Member of the Iowa Senate from the 24th district
- In office January 8, 1945 – January 11, 1965
- Preceded by: Edwin Schluter
- Succeeded by: Max Mills

Member of the Iowa Senate from the 49th district
- In office January 13, 1941 – January 8, 1945
- Preceded by: Charles Hoeven
- Succeeded by: Duane Dewel

Member of the Iowa House of Representatives from the 99th district
- In office January 11, 1937 – January 13, 1941
- Preceded by: William Oehmke
- Succeeded by: Melvin Burns

Personal details
- Born: December 9, 1889 Hastings, Nebraska
- Died: May 24, 1981 (aged 91) Rock Rapids, Iowa
- Party: Republican

= Jans Dykhouse =

American politician (1889–1981)

Jans T. Dykhouse (December 9, 1889 – May 24, 1981) was an American politician.

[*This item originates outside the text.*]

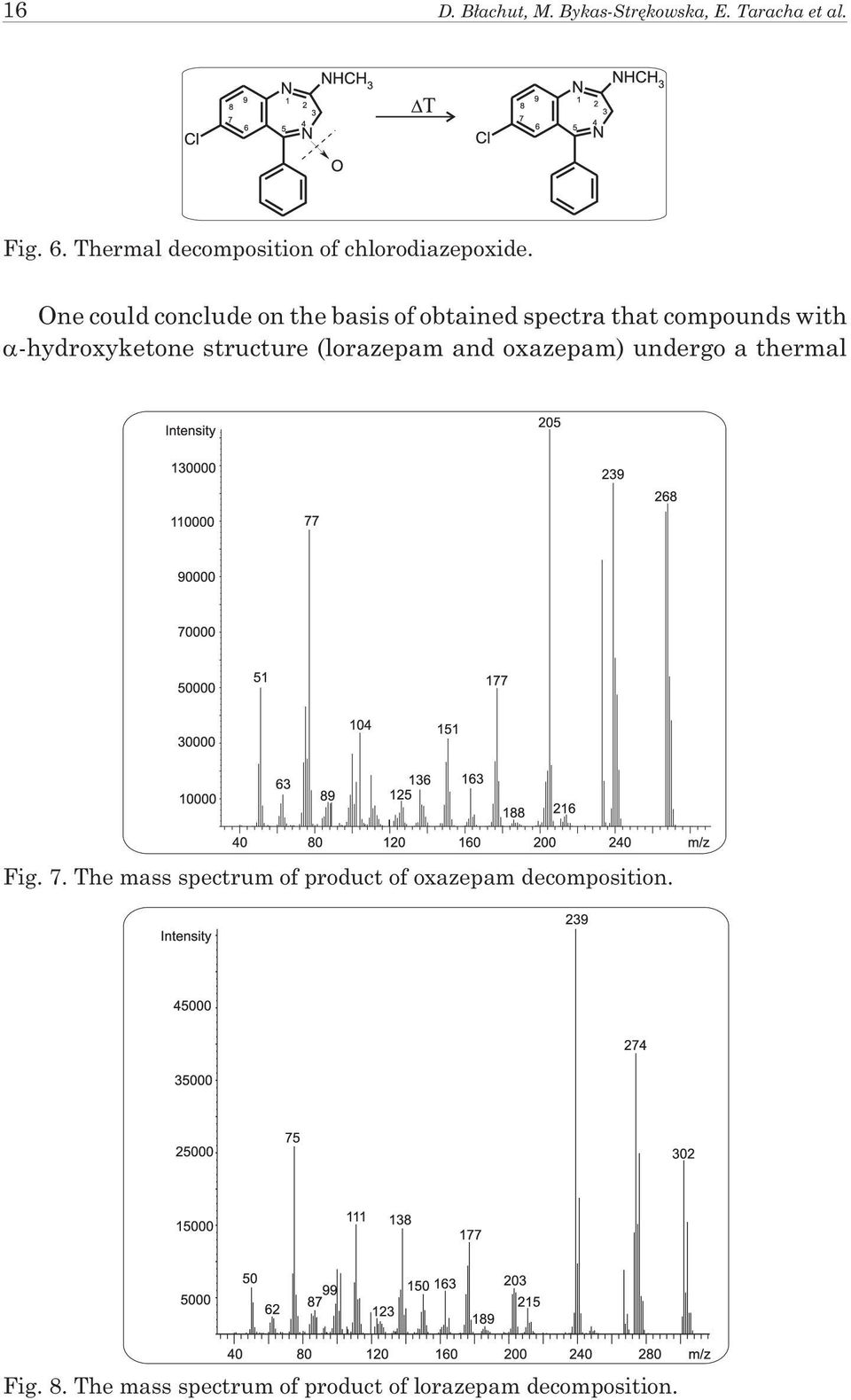 One could conclude on the basis of obtained spectra that compounds with -hydroxyketone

Born in Hastings, Nebraska, on December 9, 1889, Dykehouse was raised in Lyon County, Iowa, where his family had moved in 1892. He graduated from Rock Rapids High School and the University of Dubuque. After completing his college education in 1916, Dykehouse worked as a banker for fifteen years, and subsequently diversified his business interests into real estate, insurance, and farming.

Dykhouse was affiliated with the Republican Party. He won election to the Iowa House of Representatives in 1936 and 1938, serving District 99. Dykhouse contested the 1940 Iowa Senate election, and won the District 49 seat for a single four-year term. He was reelected to the Iowa Senate five times thereafter, as the legislator representing District 24.

Dykhouse attended the Rock Rapids United Methodist Church. He married Little Rock native Dora Getting in October 1917, with whom he raised three children. He died on May 24, 1981, in Rock Rapids, Iowa at age 91.